The US Census Bureau changed its formulation of poverty for the first time in over fifty years, taking into account reductions in the cost of food while including rising costs in health care, child care, housing and transportation. In addition, non-cash government aid like food stamps and tax credits were finally included in the formulation.

When all of those figures were taken into account, it turns out that poverty is more prevalent in the United States than previously thought.

The ranks of America’s poor are greater than previously known, reaching a new level of 49.1 million — or 16 percent — due to rising medical costs and other expenses that make it harder for people to stay afloat, according to new census estimates.

The numbers released Monday are part of a first-ever supplemental poverty measure aimed at providing a fuller picture of poverty. It is considered experimental and does not replace the Census Bureau’s official poverty formula, which continues to determine eligibility and distribution of billions of dollars in federal aid for the poor.

Based on the revised formula, the number of poor people exceeds the record 46.2 million, or 15.1 percent, that was officially reported in September.

The biggest increase in poverty rates came from elderly Americans aged 65 or older. It was always a point of pride that the combination of Social Security and Medicare drastically reduced elderly poverty. Under the old statistics, just 9% of seniors were seen as living in poverty. However, because the new formula takes into account out-of-pocket medical costs, particularly rising deductibles and prescription drugs, that number has jumped by 2.7 million, and now represents 15.9% of all seniors, roughly 1 in 6. This is consistent with the rest of the population.

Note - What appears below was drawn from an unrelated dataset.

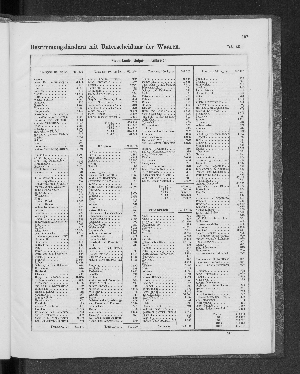 Vorschaubild Seite 197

This is an important finding. What we’re seeing is that Social Security and Medicare are NOT ENOUGH to keep millions of seniors out of poverty. This comes at a time when the elites in Washington are trying to find ways to cut Social Security benefits or phase out Medicare. These new poverty statistics should stop that dead in its tracks. But it won’t.

Children and African-Americans saw their poverty rates decrease slightly under the new measurement, mainly because food stamps were taken into account. In other words, a government program was lifting more people out of poverty. One would assume this as an example of government working, but that’s not the case for the deficit hysterics.